Lol, only idiots would turn down free stuff.


----------



## Midna (Nov 8, 2009)

Vidboy10 said:
			
		

> Tropicana said:
> 
> 
> 
> ...


Someone missed the point. Anyway, stop being so Hollier Then Thou. It's annoying.

In any case, I pirate because it's free. Do I need any other reason?


----------



## jonesman99 (Nov 8, 2009)

i only do nds roms and gba roms because its cheaper... i would do 360 games but all the hard work i did with my account i dont want it banned...


----------



## Vidboy10 (Nov 8, 2009)

Midna said:
			
		

> Vidboy10 said:
> 
> 
> 
> ...


I'm not being Hollier Then Thou.
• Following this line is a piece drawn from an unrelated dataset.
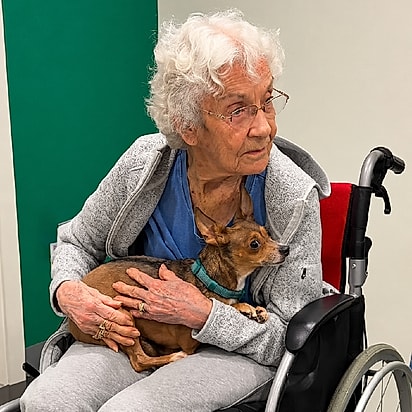 Donna segura Mocha no colo durante o primeiro encontro. Aos 90 anos, Donna acolhe a chihuahua cega Mocha no colo durante o encontro organizado pela Pawportunities.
It's called "changing your mind".


----------



## BeatriceTheGolde (Nov 8, 2009)

Vidboy10 said:
			
		

> Midna said:
> 
> 
> 
> ...


There is clearly something wrong here.
[/rage]

I pirate because I can't afford to pay for most entertainment!
=D


----------



## Maz7006 (Nov 8, 2009)

gamerjr said:
			
		

> Do we think that we are too poor to buy the games?



That pretty much sums it up for me.


----------



## jaxxster (Nov 8, 2009)

Make games cheaper and id be willing to shell out £25 for a good game.

And oh i also pirate because its so fucking easy to do it...simple!


----------



## Sanderino (Nov 8, 2009)

I'm doing it because I save money for a scooter, going out with friends and all that stuff. Why get something for 1x $50,-  then for $50,- per game.


----------



## Hatsu (Nov 8, 2009)

Law said:
			
		

> Everything costs 6x the price here and we have to pay 200% tax.



In my signature!


----------



## Raven Darkheart (Nov 8, 2009)

The TC reminds me of this Dash Jr. clown over at gamefags.com and theres no reason to drag out this dead horse every quarter is there?


----------



## davhuit (Nov 8, 2009)

Cause original games sometimes don"t work with not "up-to-date" systems ?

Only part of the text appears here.